Navigation apps build these delays into their models. Traffic signals introduce what engineers call “control delay,” which includes the time spent slowing down as you approach a red light, waiting in the queue, and accelerating back to speed when it turns green. Federal Highway Administration data puts the typical lost time at about 4 seconds per signal phase just from startup delays and clearance gaps, and that’s before counting the actual time spent waiting for a green light. On a route with 30 signalized intersections, these small delays compound into minutes.
Left turns across traffic, stop signs, highway on-ramps, school zones: each type of maneuver has a characteristic delay profile that the app estimates based on historical travel times through that specific intersection or segment. The app doesn’t need to know your traffic light’s exact cycle. It knows from aggregated data that cars passing through a particular intersection at 5:15 p.m. on a Tuesday typically take 45 seconds to get through, and it uses that average.
Why Your ETA Keeps Changing
The arrival time on your screen isn’t calculated once and left alone. It recalculates continuously, and the inputs shift constantly. You hit an unexpected red light, and the ETA ticks up by 30 seconds. Traffic clears on the highway ahead, and it drops by two minutes. A crash is reported three miles ahead, and the app recalculates both the time and potentially the entire route.
Rerouting decisions follow a cost-benefit logic. The app compares your current route’s projected time against alternatives and suggests a change when the savings cross a threshold. In practice, this threshold can be quite small. Waze users have noted being rerouted off highways and through side streets to save as little as 60 seconds, a source of frequent frustration. Some drivers have asked for the ability to set a minimum time savings (say, 10 minutes) before the app suggests an alternate route, but most apps don’t offer that level of control.
The continuous recalculation also explains why your ETA often becomes more accurate as you get closer to your destination. Early in a long trip, the app is predicting traffic conditions 30 or 60 minutes into the future, which is inherently uncertain. As you get closer, more of the remaining route reflects real-time conditions rather than forecasts.

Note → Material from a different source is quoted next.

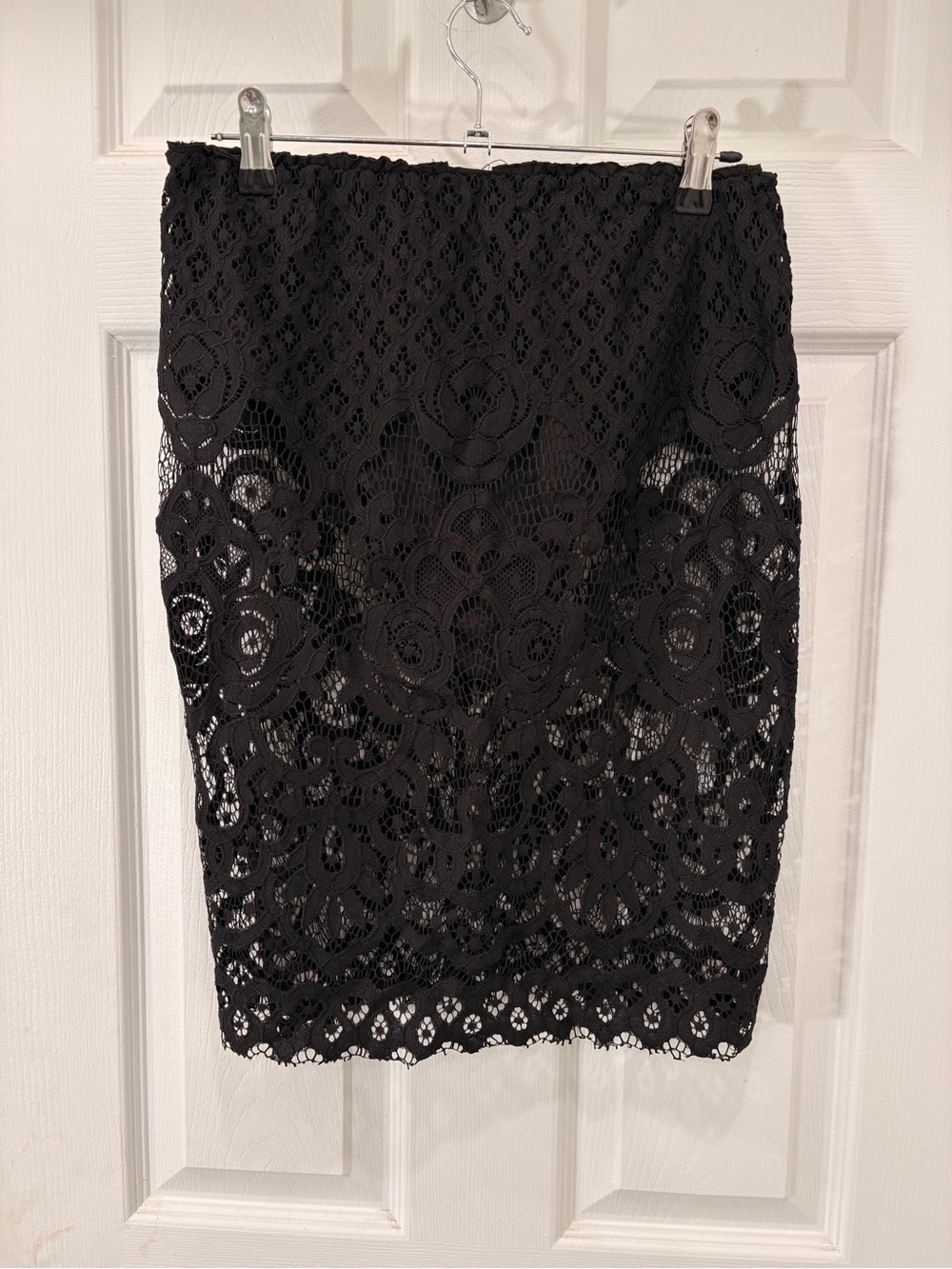 Black Floral Lace Overlay Pencil Skirt Size L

How Accurate the Estimates Really Are
For most trips, modern navigation apps land within a few minutes of the actual arrival time. Short drives in familiar urban areas tend to be remarkably precise, often within a minute, because the app has dense real-time data and fewer unknowns. Longer trips, rural routes with sparse user data, and drives during rapidly changing conditions (a sudden storm, a major accident) produce larger errors.
No single app is consistently the most accurate. Google Maps and Apple Maps use different routing algorithms, different traffic models, and different data sources, which means they sometimes produce noticeably different ETAs for the same trip. On any given day, one may outperform the other depending on the region and conditions. The quality of the underlying data matters most: an app with more active users on a particular stretch of road will generally give a better estimate for that road.
The biggest source of error isn’t the technology itself but unpredictable events. A traffic signal stuck on red, a train crossing, a last-minute lane closure: these are things no algorithm can anticipate until users on the ground start reporting slower speeds. Once that data flows in, the ETA corrects, but there’s always a lag of a few minutes between a new disruption and the system’s awareness of it.